The failure of the countries of the former Yugoslavia to address their violent past has had devastating consequences for human rights and could ultimately lead to a return to conflict in the region, according to a new Council of Europe report.
The report, published on Thursday by the council’s commissioner for human rights, Dunja Mijatović, said the region has been backsliding for many years on seeking justice and accountability for the brutal wars of the 1990s in Croatia, Bosnia and Kosovo, which killed more than 130,000 people.
The impact of legal breakthroughs in the aftermath of those wars, such as the establishment of a war crimes tribunal in The Hague, and the arrest and conviction of many of the political and military leaders responsible for the mass killings, are beginning to fade and impunity is returning, the report suggests.
It was hoped that national courts would continue to pursue the many thousands of other perpetrators, but their momentum has slowed dramatically.
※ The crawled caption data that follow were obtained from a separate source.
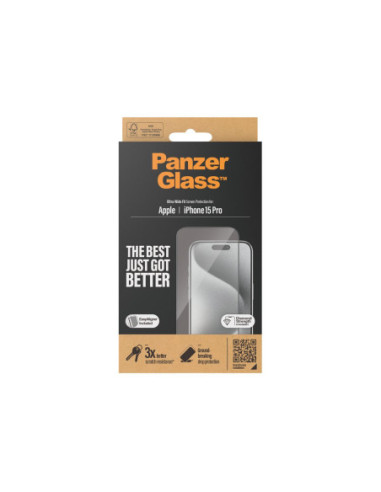 PanzerGlass | Screen protector | Apple | iPhone 15 Pro | Glass | Clear | Easy installation Fingerprint resistant Anti-yellowing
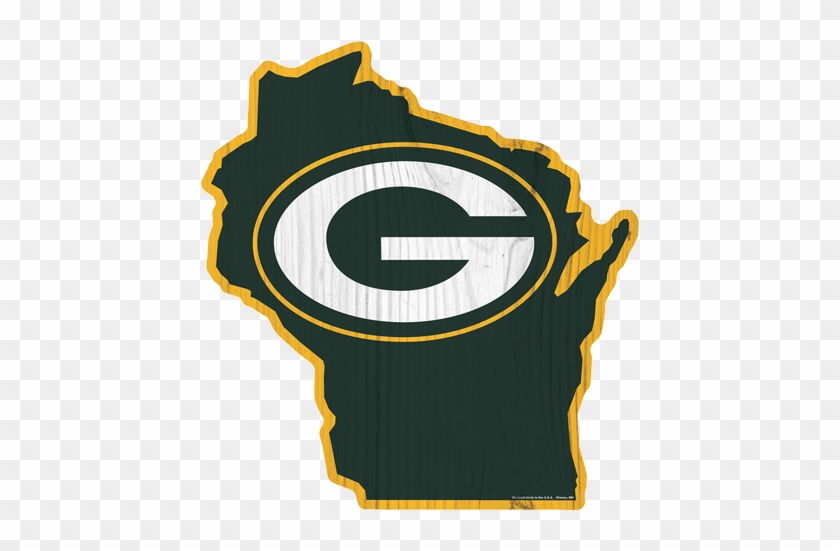 Green Bay Packers State Shape Wood Sign 14"h 2 Pc Min - Green Bay Packers #882894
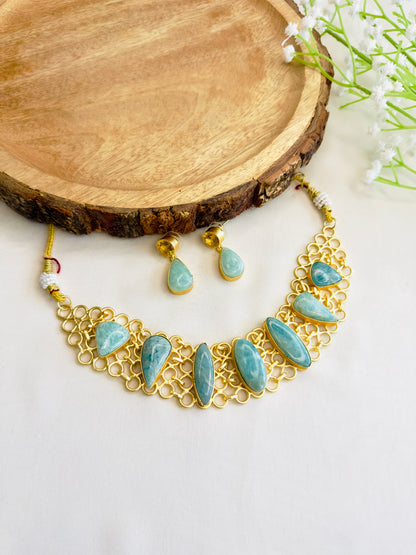 Natural Stone Jaali Necklace Set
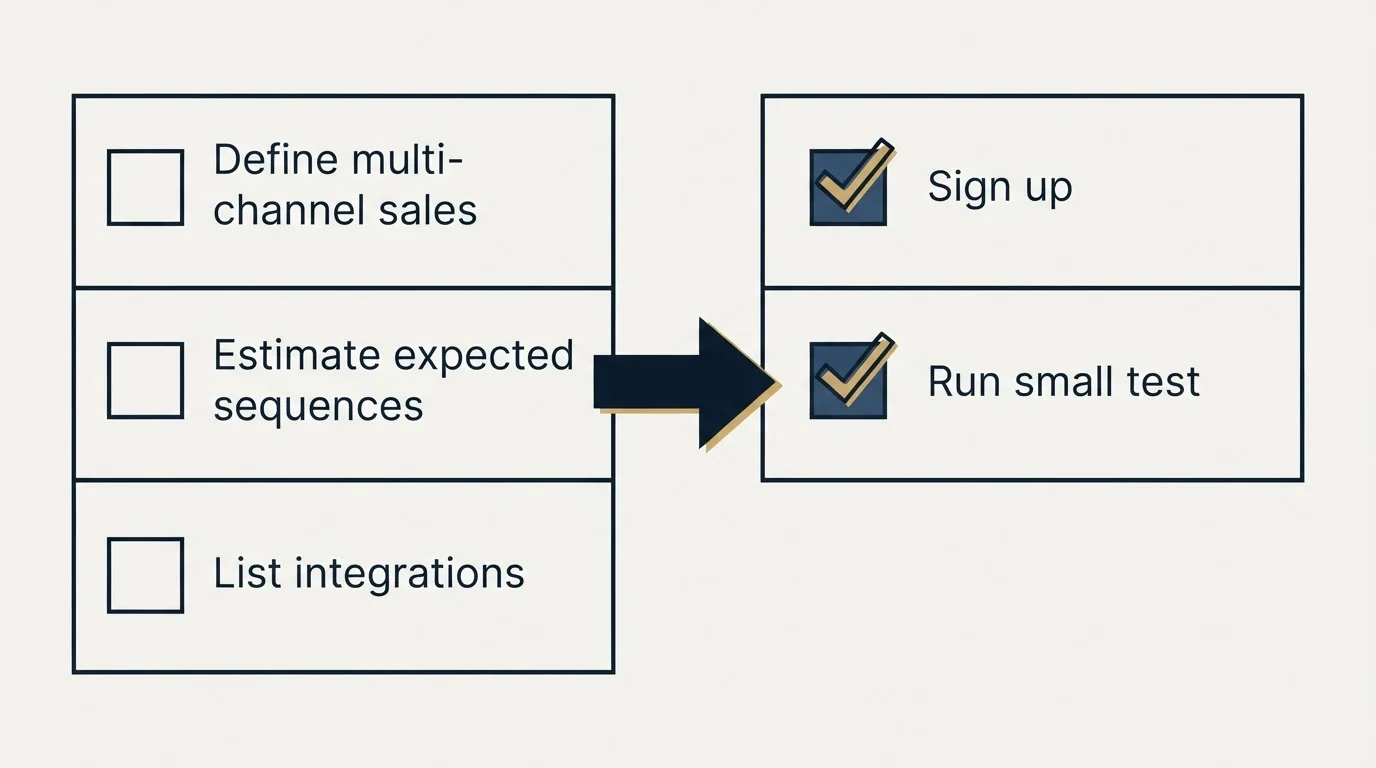 Before-and-after steps: Getting Started Checklist (Define multi-channel sales, Estimate expected sequences, List integrations, Sign up)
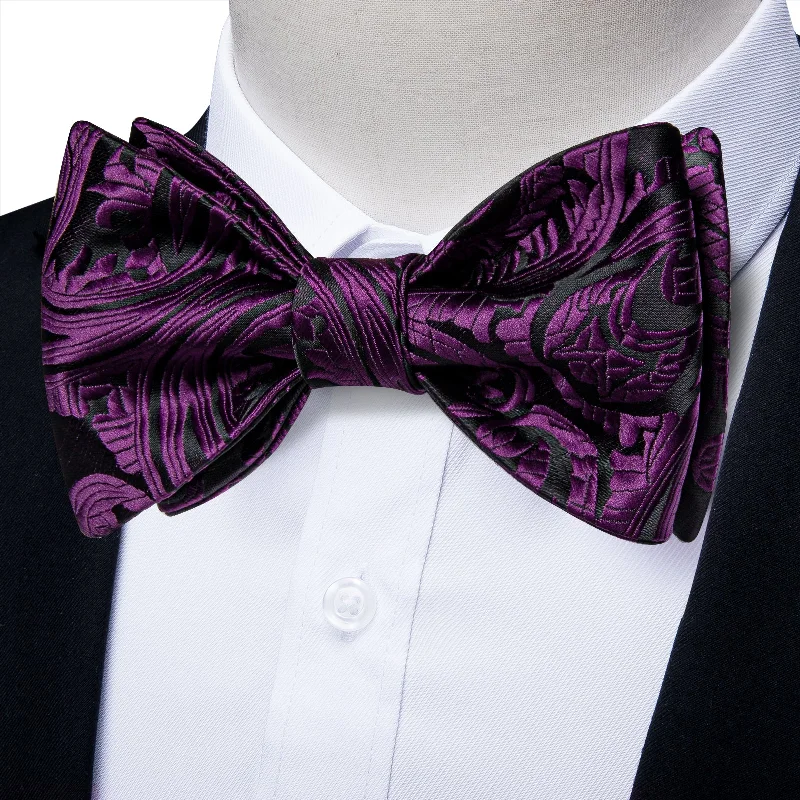 unique tie designs-Black Purple Paisley Self-tied Bow Tie Pocket Square Cufflinks Set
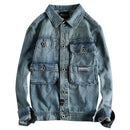 Denim jacket mens spring and autumn work clothes three-dimensional pocket youth cardigan coat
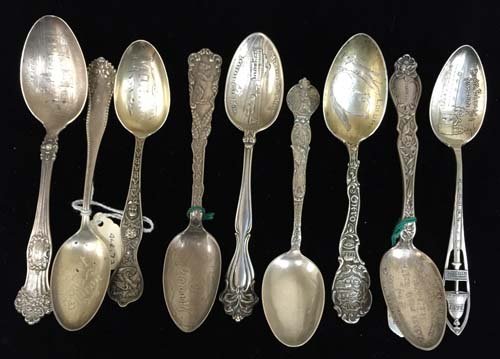 (9 pcs) Sterling Silver Souvenir Spoons (1 of 3)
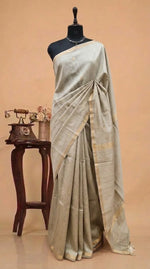 Off-White Pure Maheshwari Silk Saree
Ethno-nationalists are politically dominant across the region, promoting hate speech and denial of genocide and other crimes against humanity.
“After the trials in The Hague, most of the people who served a sentence and were recognised as a war criminals return to their communities as heroes, which I find devastating,” Mijatović said.
Her report, Dealing with the Past for a Better Future, concludes: “Time is running out and victims have been waiting for a very long time.
“Worse still, the divisive and hateful narratives that spearheaded the wars of the 1990s are back and regaining strength,” the report says. “This not only threatens reconciliation but even peace. The failure to fully deal with the violent past in the region is having devastating consequences for respect for human rights and the rule of law.”
The mainly Serb areas of northern Kosovo have proven a flashpoint recently. On 24 September, there was a shootout near an Orthodox monastery in the village of Banjska between a heavily armed paramilitary group of Serbs and the Kosovan police. Three Serb gunmen and a policeman from the ethnic Albanian majority were killed in a clash that the government in Pristina blamed on the Serbian leadership in Belgrade.
In Bosnia, the Serb-run half of the country, Republika Srpska, which was carved out largely by ethnic cleansing in the 1992-95 war there, is led by a militant separatist, Milorad Dodik who describes the 1995 genocide at Srebrenica as a “a fabricated myth”.
Dodik and the Serbian president, Aleksandar Vučić, both have close ties with Moscow. In her report, Mijatović, who will leave her post in March, said: “Russian support for Serb rightwing activists and organisations is multifaceted and spans from support for online activities to military training.”
Last week, the Ukrainian president, Volodymyr Zelenskiy, warned that Vladimir Putin planned to stir up renewed conflict in the former Yugoslavia.
“Pay attention to the Balkans. Believe me, we get the information. Russia has a long plan: Middle East, the second distraction will be the Balkans,” Zelenskiy said. “If the countries of the world do nothing now, there will be such an explosion again.”